Keep in mind that the operational definition of good statistics is those statistics that produce an optimal query plan. How and when you collect statistics on your table columns and indexes depends on your definition of an optimal query plan.

Note that with the exception of statistics obtained by a dynamic AMP sample, statistics are collected globally, so are not affected by reconfiguring your system. In other words, all things being equal, there is no need to recollect statistics after you reconfigure your system.

Using the Teradata Viewpoint Stats Manager

The Teradata Viewpoint Stats Manager portlet provides a method of determining when fresh statistics should be collected.

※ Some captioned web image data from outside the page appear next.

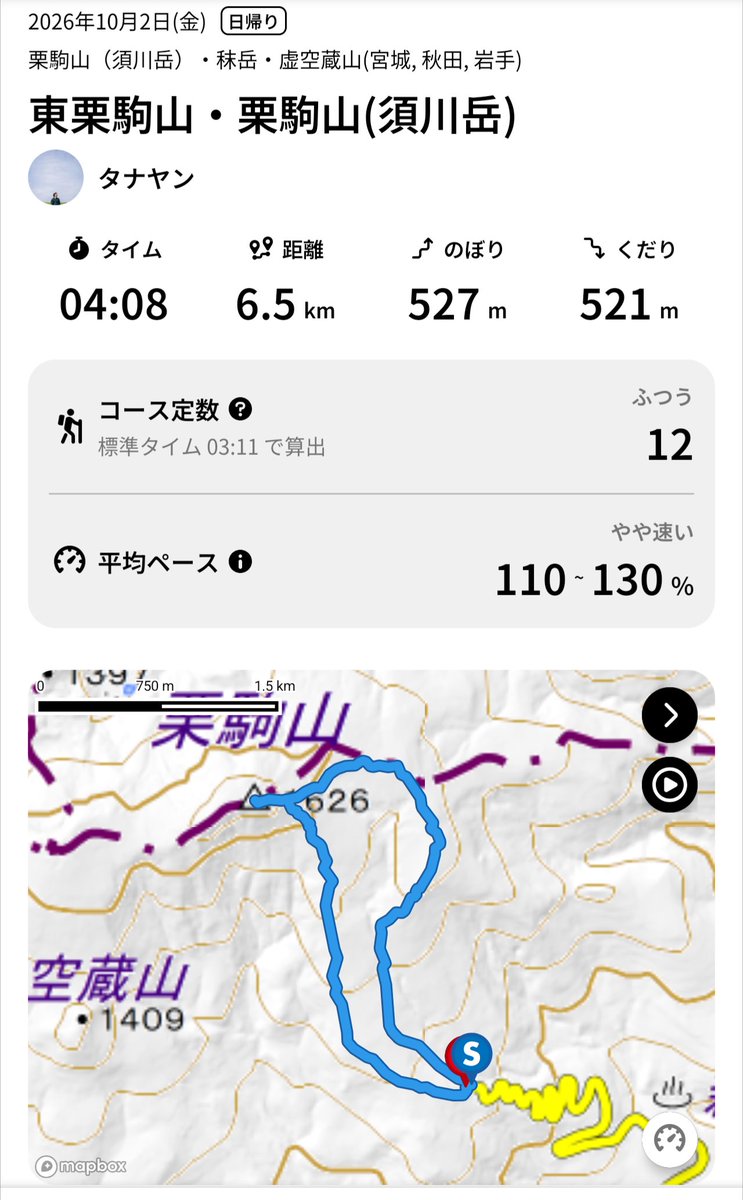 tanayan_is's tweet photo. 足パンパン https://t.co/5AWo0oN9Pl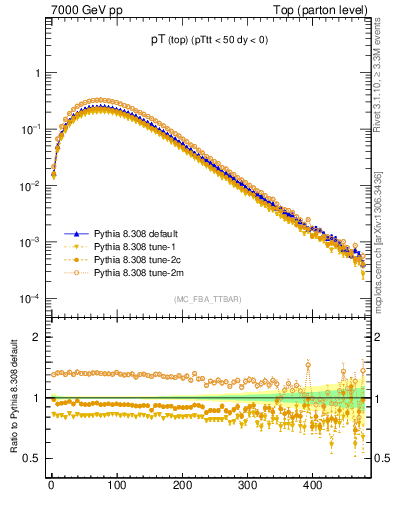 Plot of pTtop in 7000 GeV pp collisions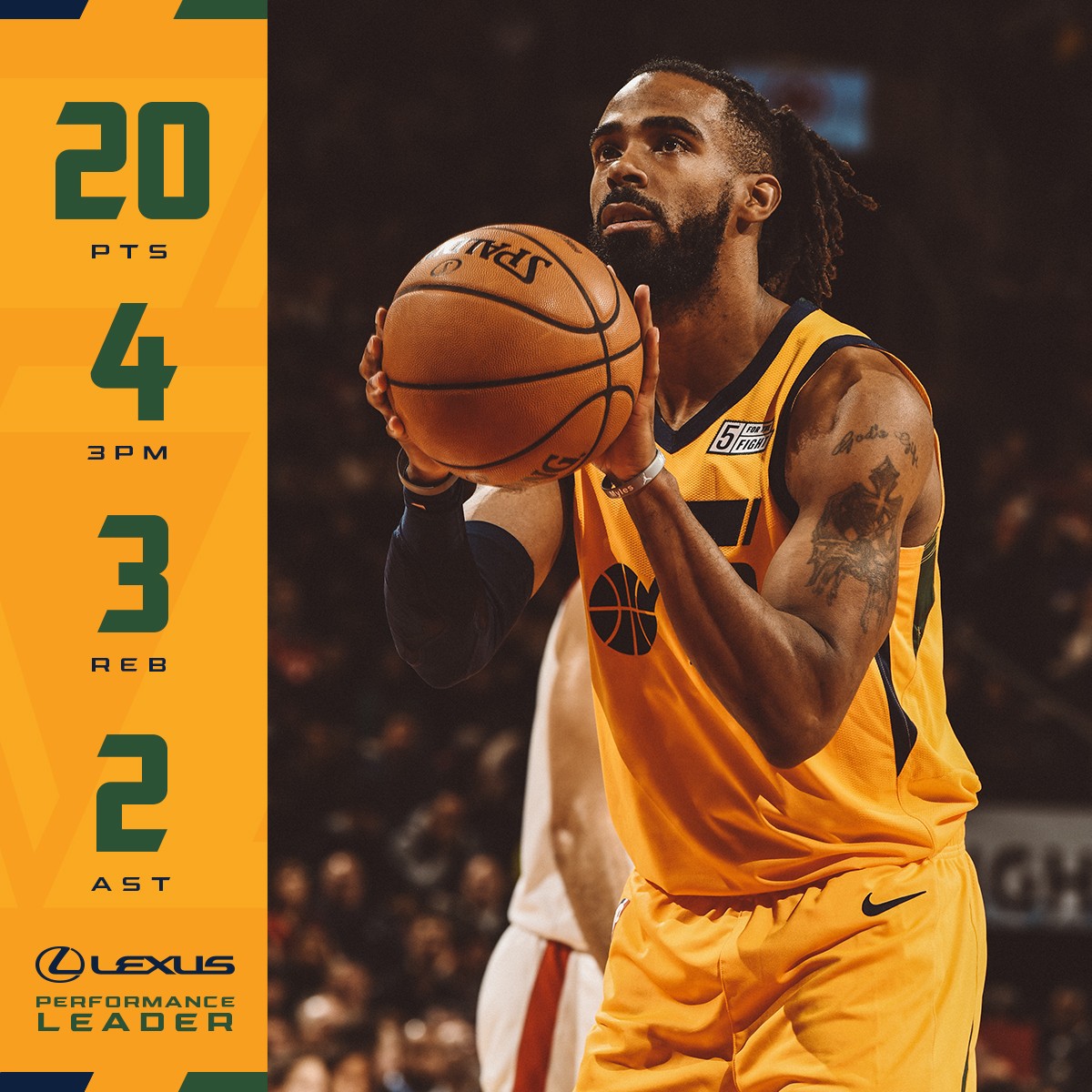 包含猛龙队整体发挥出色,稳操胜券战胜对手的词条 包含猛龙队整体发挥出色,稳操胜券战胜对手的词条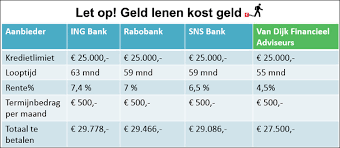 Krediet en Lening: Begrijp het Verschil voor Financiële Zekerheid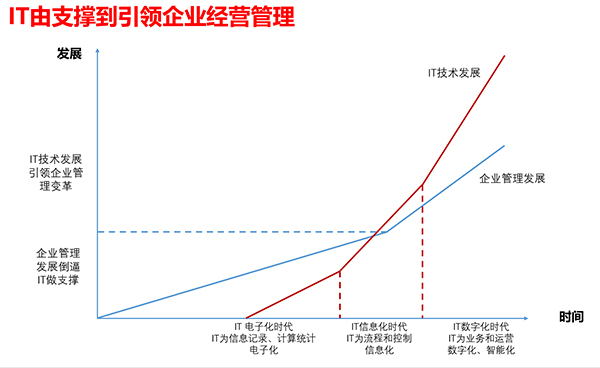 尊龙凯时互联 尊龙凯时最新官网首页办公 尊龙凯时最新官网首页运营中台 oa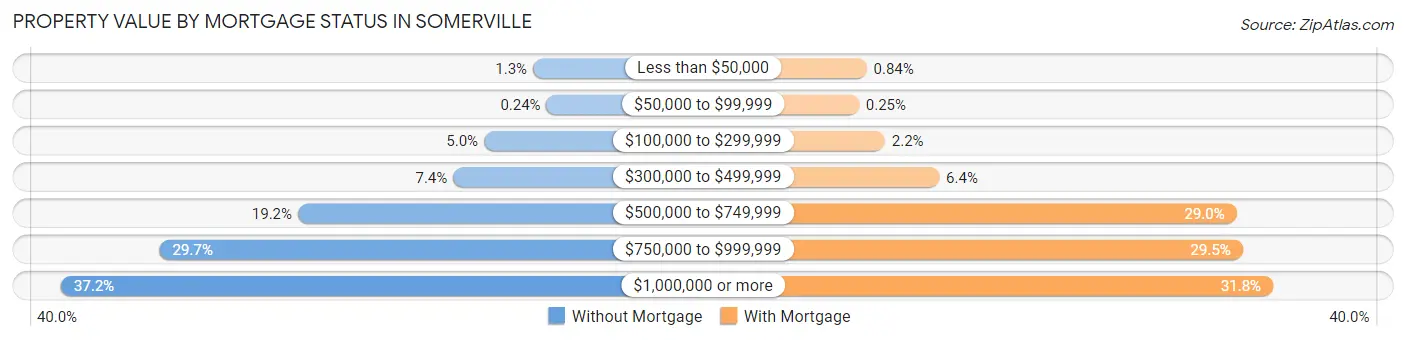 Property Value by Mortgage Status in Somerville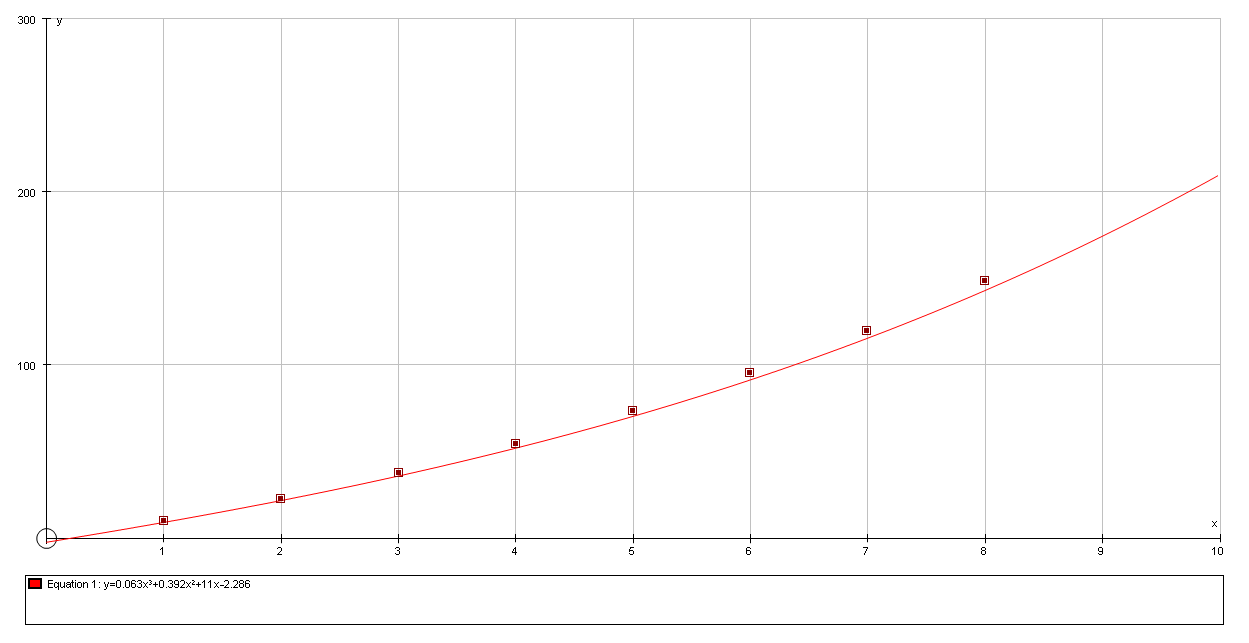 Combined graph of the given values and the cubic equation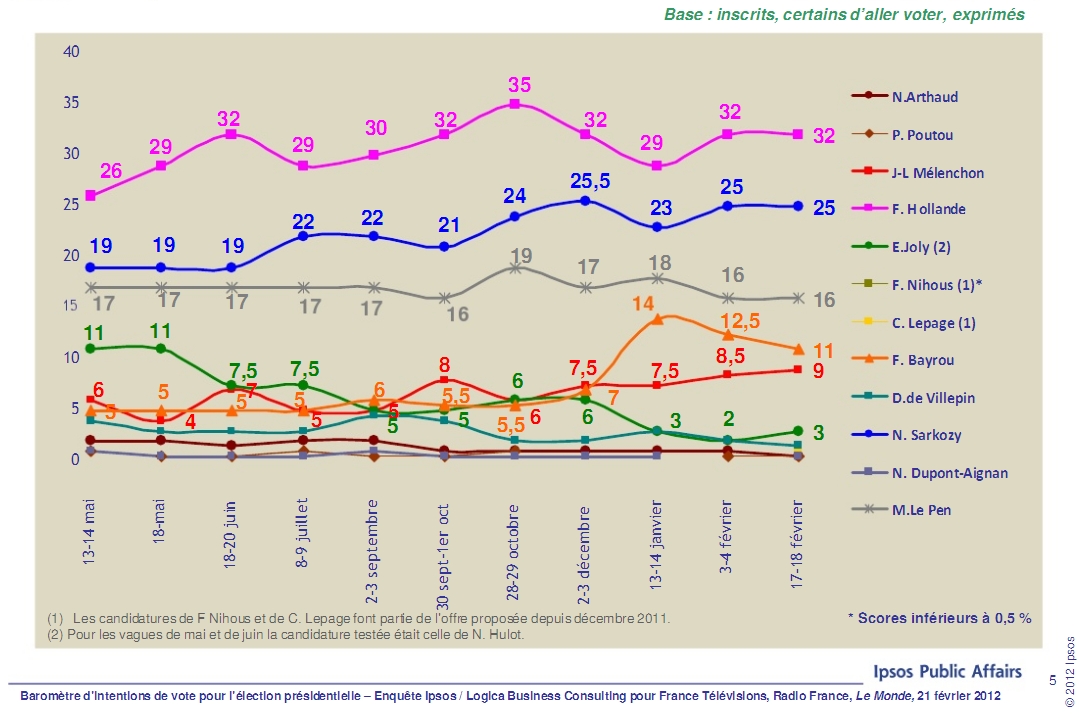 Sondages présidentielle après déclaration de Nicolas Sarkozy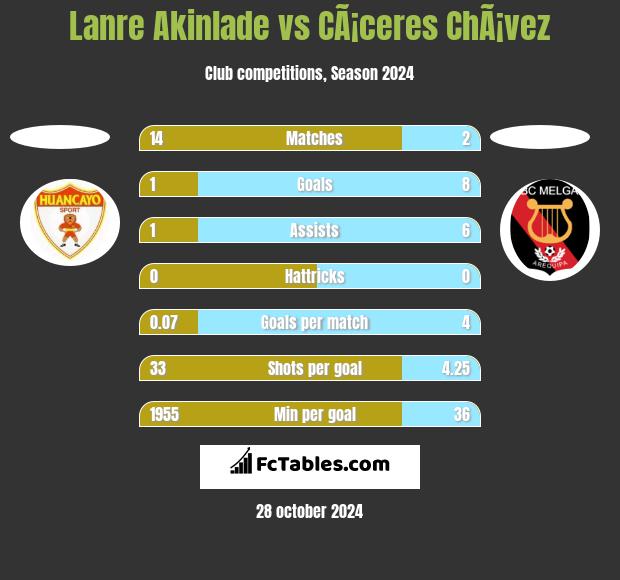 Lanre Akinlade vs CÃ¡ceres ChÃ¡vez h2h player stats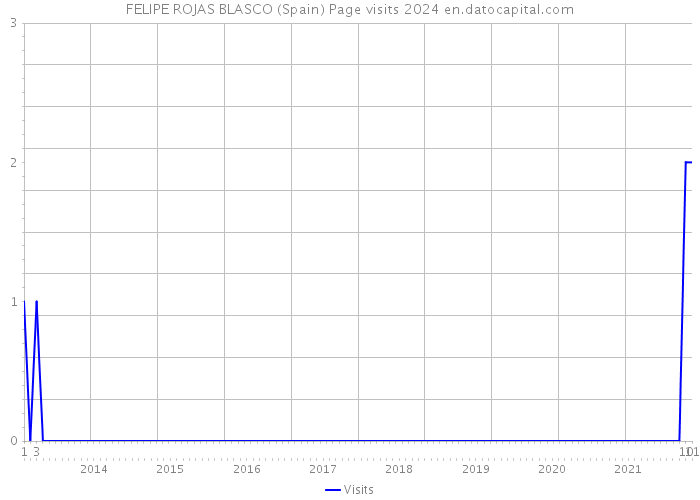 FELIPE ROJAS BLASCO (Spain) Page visits 2024 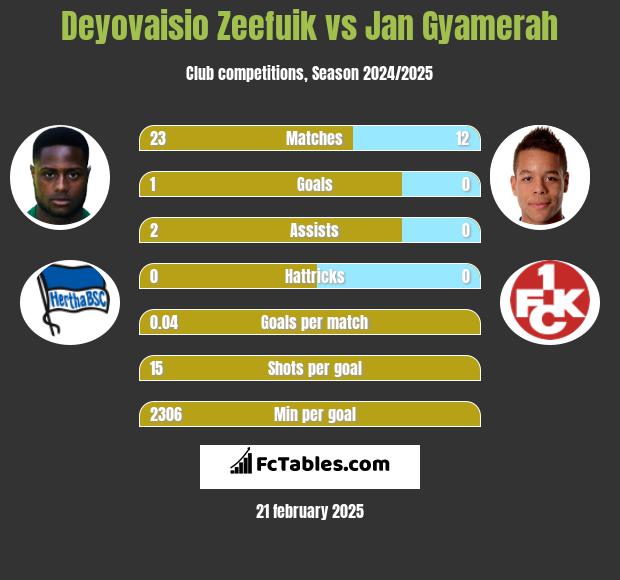 Deyovaisio Zeefuik vs Jan Gyamerah h2h player stats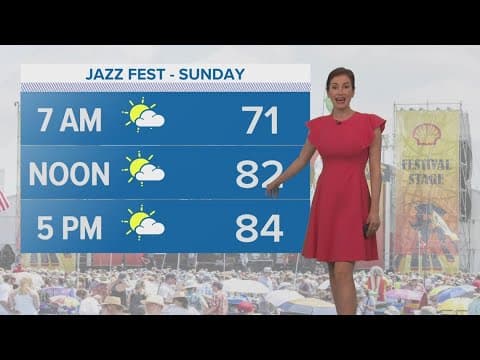 New Orleans Weather: Mostly dry all weekend, few showers
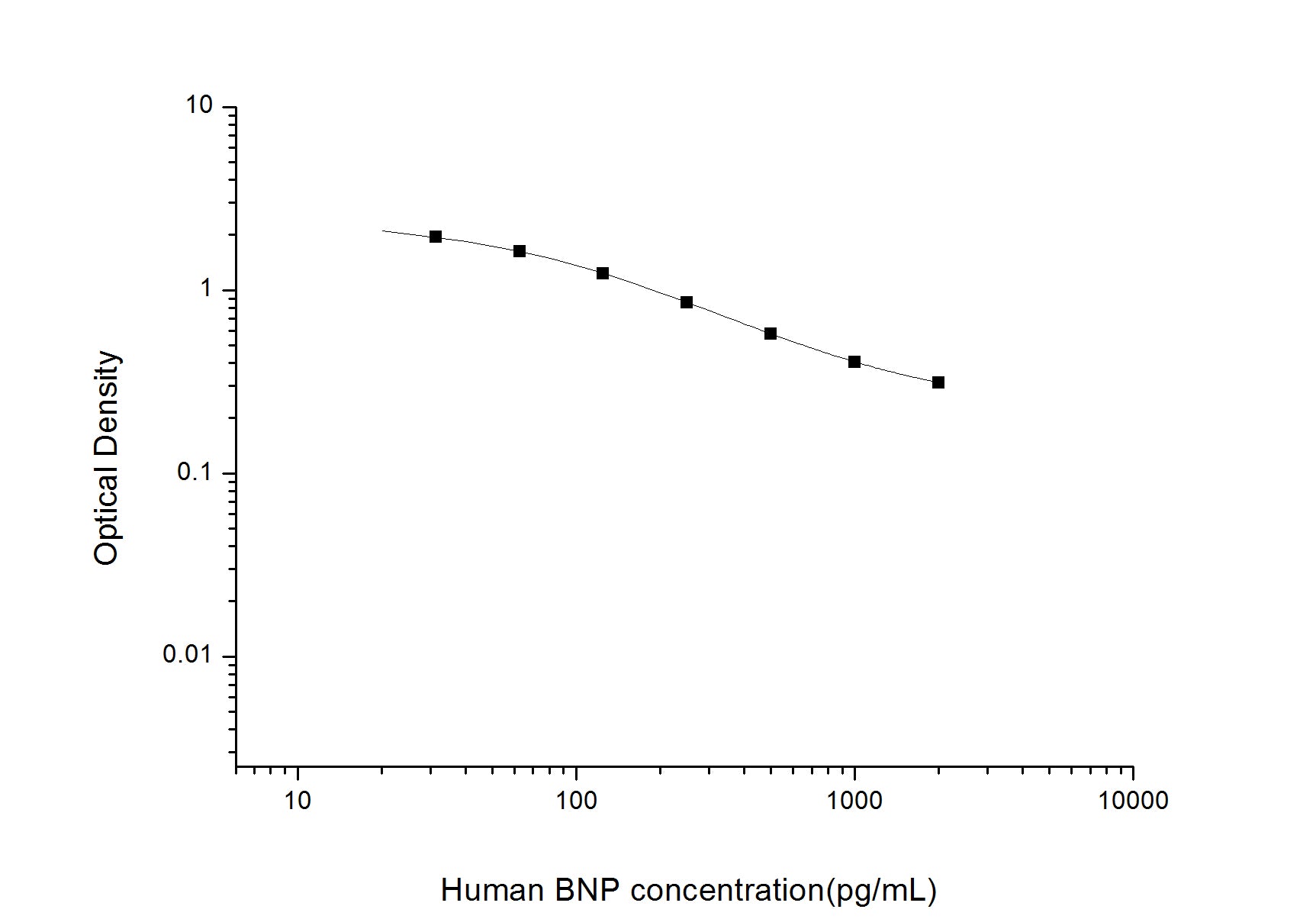 Standard Curve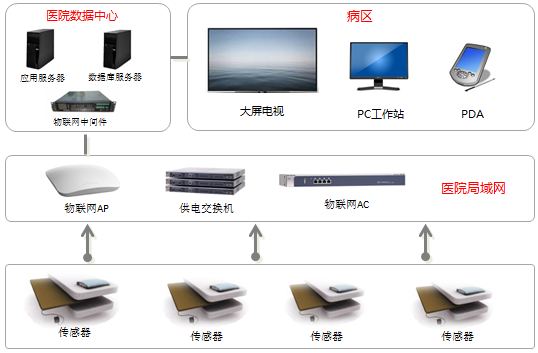 智能床位监测系统解决方案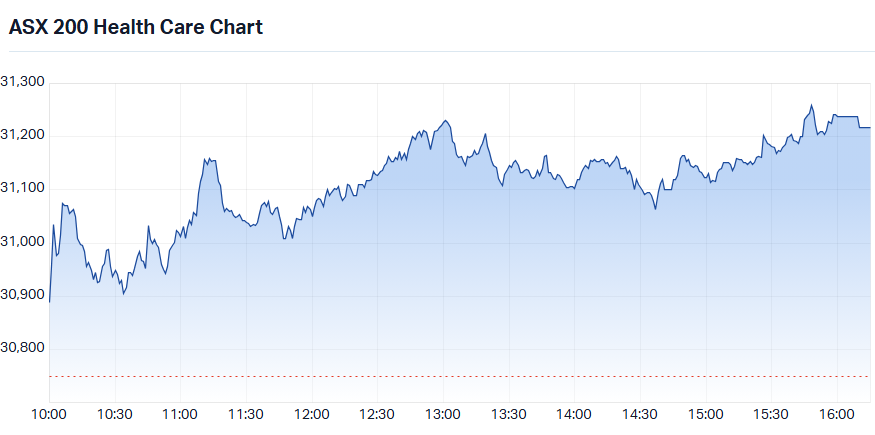 S&P-ASX 200 Healthcare Sector Index intraday chart_14 Sep.png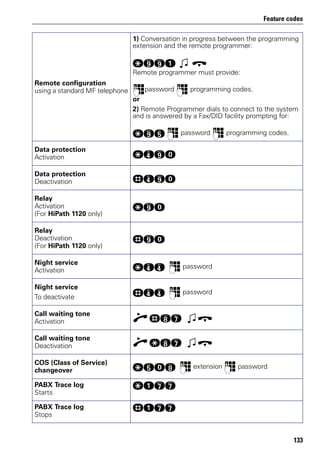 Feature codes
133
Remote configuration
using a standard MF telephone
1) Conversation in progress between the programming
extension and the remote programmer:
qmme w t
Remote programmer must provide:
ppassword p programming codes.
or
2) Remote Programmer dials to connect to the system
and is answered by a Fax/DID facility prompting for:
qmi p password p programming codes.
Data protection
Activation
qhmd
Data protection
Deactivation
rhmd
Relay
Activation
(For HiPath 1120 only)
qmd
Relay
Deactivation
(For HiPath 1120 only)
rmd
Night service
Activation
qhh p password
Night service
To deactivate
rhh p password
Call waiting tone
Activation
n rlk w t
Call waiting tone
Deactivation
n qlk w t
COS (Class of Service)
changeover
qidl p extension p password
PABX Trace log
Starts
qekk
PABX Trace log
Stops
rekk
 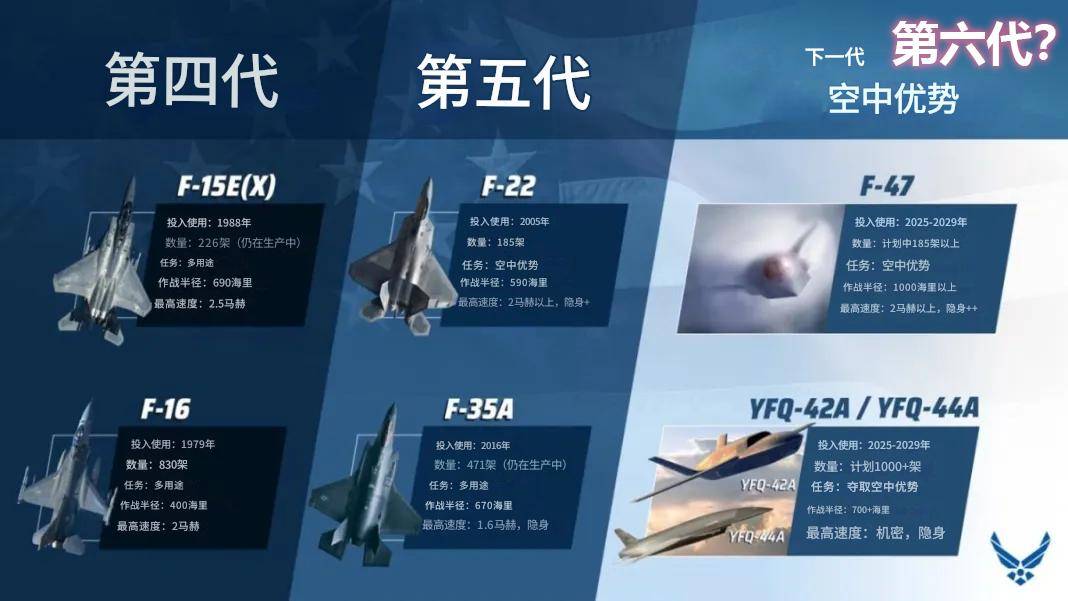 歼-36是隐身轰炸机？印媒：世界首款六代机，美国F-47在三年后飞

See Teradata Viewpoint Stats Manager and the Teradata® Viewpoint User Guide, B035-2206 for information about the uses and capabilities of this portlet.

Policies for Collecting Statistics

The following table lists some suggested policies for collecting statistics. Each policy is rated as recommended or strongly recommended.

Following such policies is not as critical if you collect statistics using thresholds because Vantage does not recollect statistics when the thresholds you specify are not met. You must still submit COLLECT STATISTICS requests, but statistics are not recollected unless the specified thresholds are met or exceeded. This prevents you from wasting valuable system resources to recollect unnecessary statistics.

Policy Required or Recommended
Recollect all statistics when you upgrade to a new database release. Strongly recommended.
By the Ten Percent Rule, you should recollect statistics whenever table or partition demographics change by 10% or more. This rule applies to both row partitioning and column partitioning.
  • For a nonpartitioned table, recollect statistics whenever the demographics of the table change by 10% or more.
  • For a row-partitioned table, recollect statistics whenever the demographics of the row partitions change by 10% or more.
  • For a column-partitioned table, recollect statistics whenever the demographics of the column partition change by 10% or more.

For high volumes of very nonunique values such as dates or timestamps, you should consider recollecting statistics when the population changes by as little as 7%.

Strongly recommended.
Specify appropriate sampling or threshold options or both when you collect and recollect statistics. This enables the Optimizer to determine whether fresh statistics need to be collected or not. See COLLECT STATISTICS (Optimizer Form) information in Teradata Vantage™ - SQL Data Definition Language Syntax and Examples, B035-1144 for information about how to specify sampling and threshold options in the USING clause of COLLECT STATISTICS requests. Strongly recommended.
Collect statistics on newly created, empty tables to create the synoptic data structures for subsequent collection of statistics. Recommended.
Recollect statistics whenever the number of rows per distinct value is less than 100. Recommended.

The following table provides more specific recommendations for collecting statistics. You should consider this set of recommendations to be both minimal and essential.

FOR this category of table … You should collect statistics on …
all all columns used in join conditions.
large all NUPIs.
small

In this context, a small table is defined as a table whose cardinality is less than 5 times the number of AMPs in the system. For a 20 AMP system, table cardinality would have to be less than 100 rows for the table to be considered small, for a 100 AMP system, less than 500 rows, and so on

the primary index.
To ensure the best query plans, you should consider collecting statistics on the following, more general set of table columns.
  • All indexes.
  • High-access join columns.
  • Non-indexed columns frequently referenced in WHERE clause predicates, particularly if those columns contain skewed data.
  • The partitioning column set of a row-partitioned table.
  • The system-defined PARTITION column for all partitioned (column or row) tables.

    The value for the column partition number of the system-derived column PARTITION for a column-partitioned table is always 1, so collected statistics on a PARTITION column equate to the number of rows in each combined row partition.